● Work order
Could the data below please be reproduced word for word, without the pictures?

(Dataset items)
**********
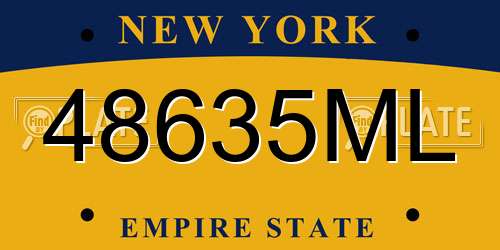 48635ML New York License Plate
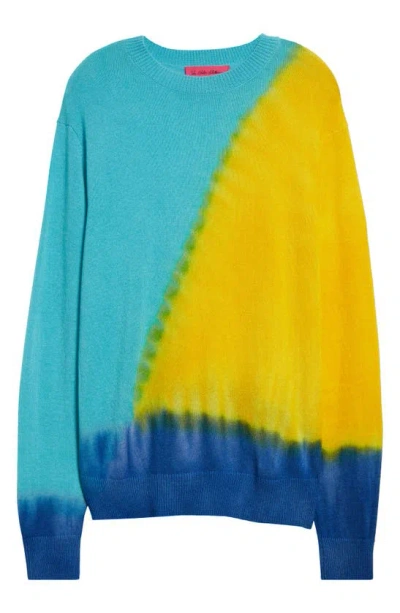 The Elder Statesman Gradient Tranquility Cashmere Sweater In Blue/green Multi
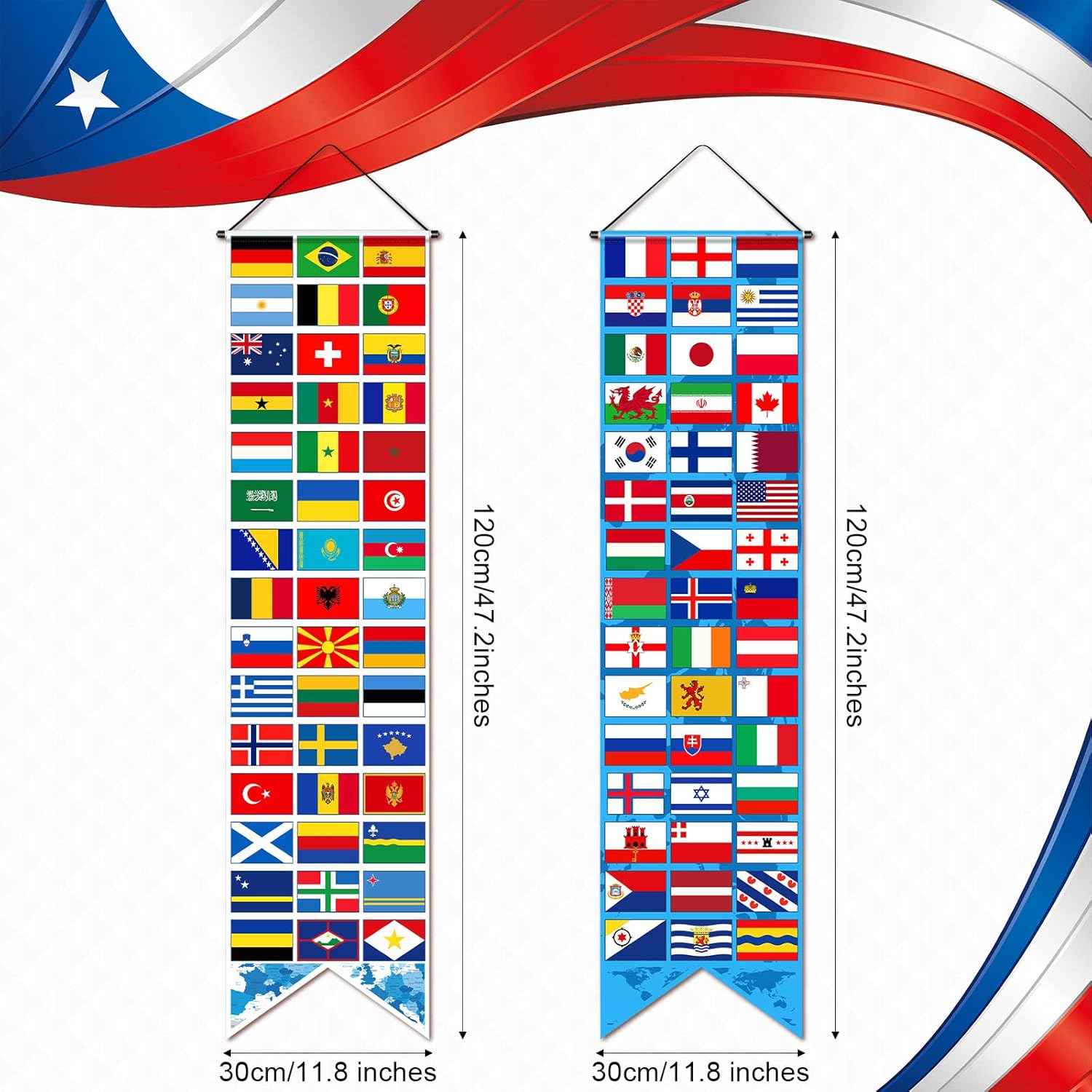 Tatuo Country Flag Bunting – Soccer-Themed Birthday Party Decor for Backyard and Playroom, Set of 2 Polyester Banners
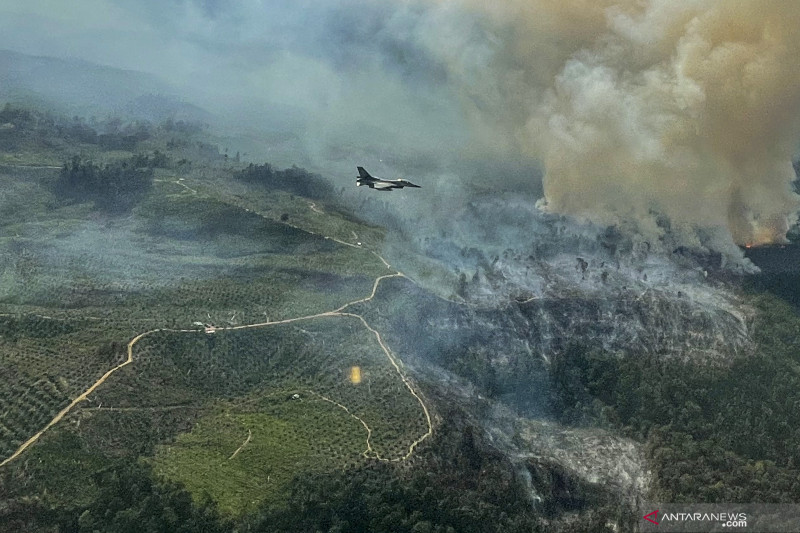 Pilot Pesawat tempur F-16 TNI AU temukan titik api kebakaran hutan dan lahan di Riau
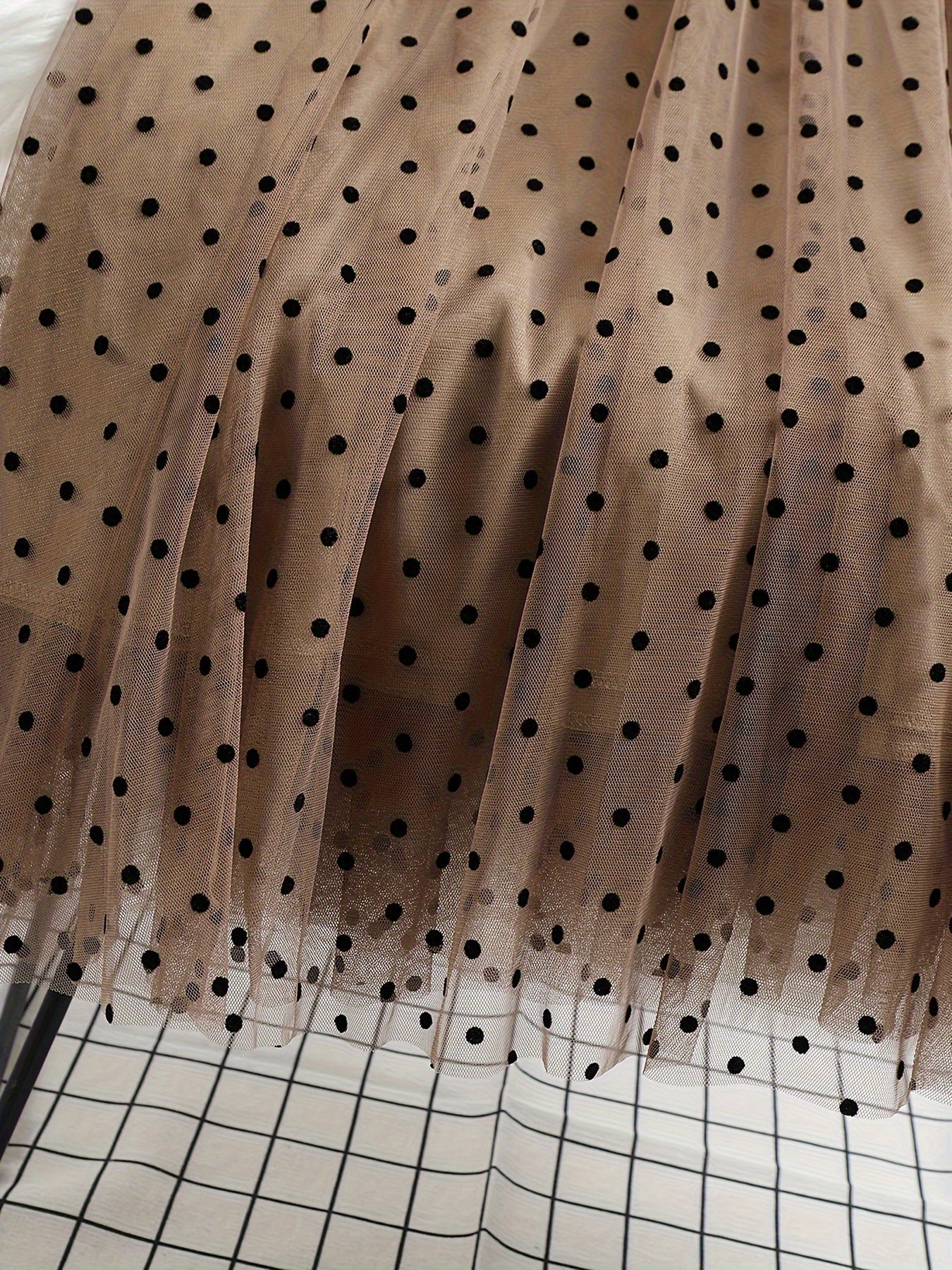 Gonna in tulle da donna con pois Elegante linea A Primavera/Estate Tempo libero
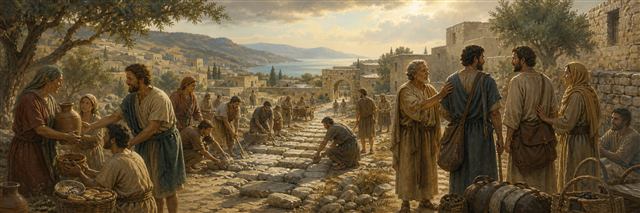 Cretan neighbors repairing a stone road, sharing provisions, and blessing two departing travelers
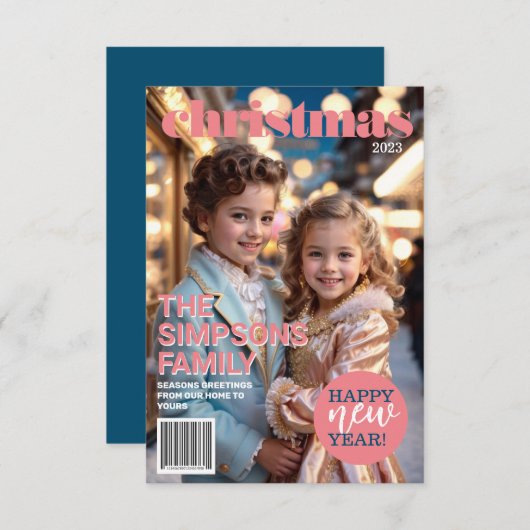 Carte de Noël de couverture de magazine unique (Devant / Derrière)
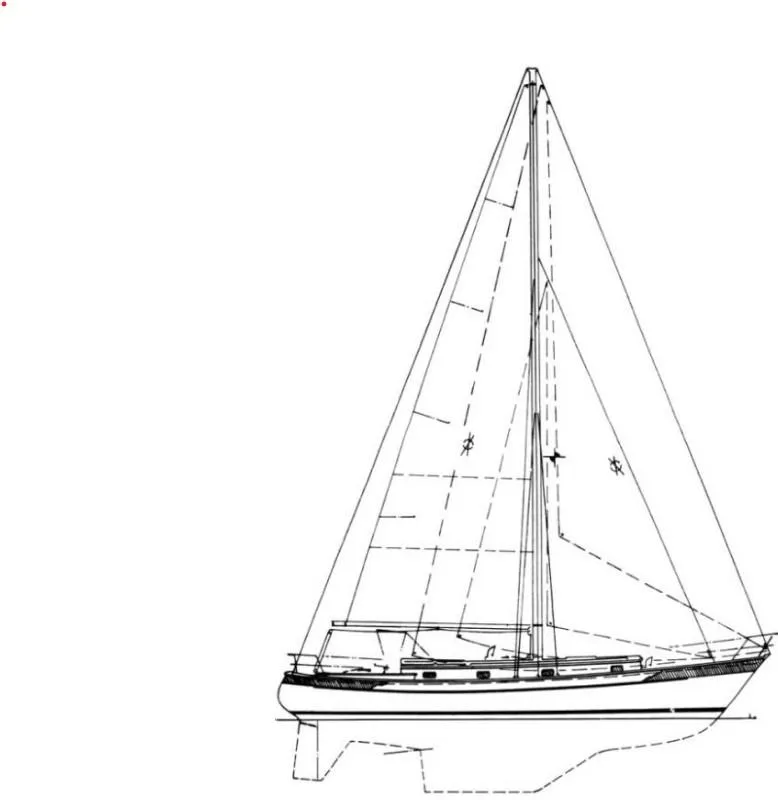 Slide: The Image of Line drawing of a 1992 Valiant 40 sailboat, showcasing its classic design. - 2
**********
● Your response
 48635ML New York License Plate
 The Elder Statesman Gradient Tranquility Cashmere Sweater In Blue/green Multi
 Tatuo Country Flag Bunting – Soccer-Themed Birthday Party Decor for Backyard and Playroom, Set of 2 Polyester Banners
 Pilot Pesawat tempur F-16 TNI AU temukan titik api kebakaran hutan dan lahan di Riau
 Gonna in tulle da donna con pois Elegante linea A Primavera/Estate Tempo libero
 Cretan neighbors repairing a stone road, sharing provisions, and blessing two departing travelers
 Carte de Noël de couverture de magazine unique (Devant / Derrière)
 Slide: The Image of Line drawing of a 1992 Valiant 40 sailboat, showcasing its classic design. - 2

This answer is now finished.